Interesting Sum - 题解【思维】
前言
在vscode上配置了markdown插件,取代了之前写md的工具,本博客用来测试插件好不好用,所以选的题比较简单。但是jiangly这道题被FST了【滑稽】
题面
本题是Codeforces #815 Div.2的B题。原题链接见:B.Interesting Sum。下面搬运一下题面:
You are given an array a that contains \(n\) integers. You can choose any proper subsegment $ [a_l, a_{l + 1}, \ldots, a_r ] $ of this array, meaning you can choose any two integers \(1 \le l \le r \le n\), where \(r - l + 1 < n\). We define the beauty of a given subsegment as the value of the following expression:
\(\max(a_{1}, a_{2}, \ldots, a_{l-1}, a_{r+1}, a_{r+2}, \ldots, a_{n}) - \min(a_{1}, a_{2}, \ldots, a_{l-1}, a_{r+1}, a_{r+2}, \ldots, a_{n}) + \max(a_{l}, \ldots, a_{r}) - \min(a_{l}, \ldots, a_{r})\).
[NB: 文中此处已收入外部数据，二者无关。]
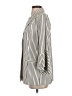 CAbi Stripes Ivory Blazer Size 4 - photo 5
Please find the maximum beauty among all proper subsegments.
Input
The first line contains one integer $t (1 \leq t \leq 1000) $— the number of test cases. Then follow the descriptions of each test case.The first line of each test case contains a single integer \(n (4 \leq n \leq 10^5)\) — the length of the array.
The second line of each test case contains \(n\) integers \(a_1, a_2, \ldots, a_n (1 \leq a_{i} \leq 10^9)\) — the elements of the given array.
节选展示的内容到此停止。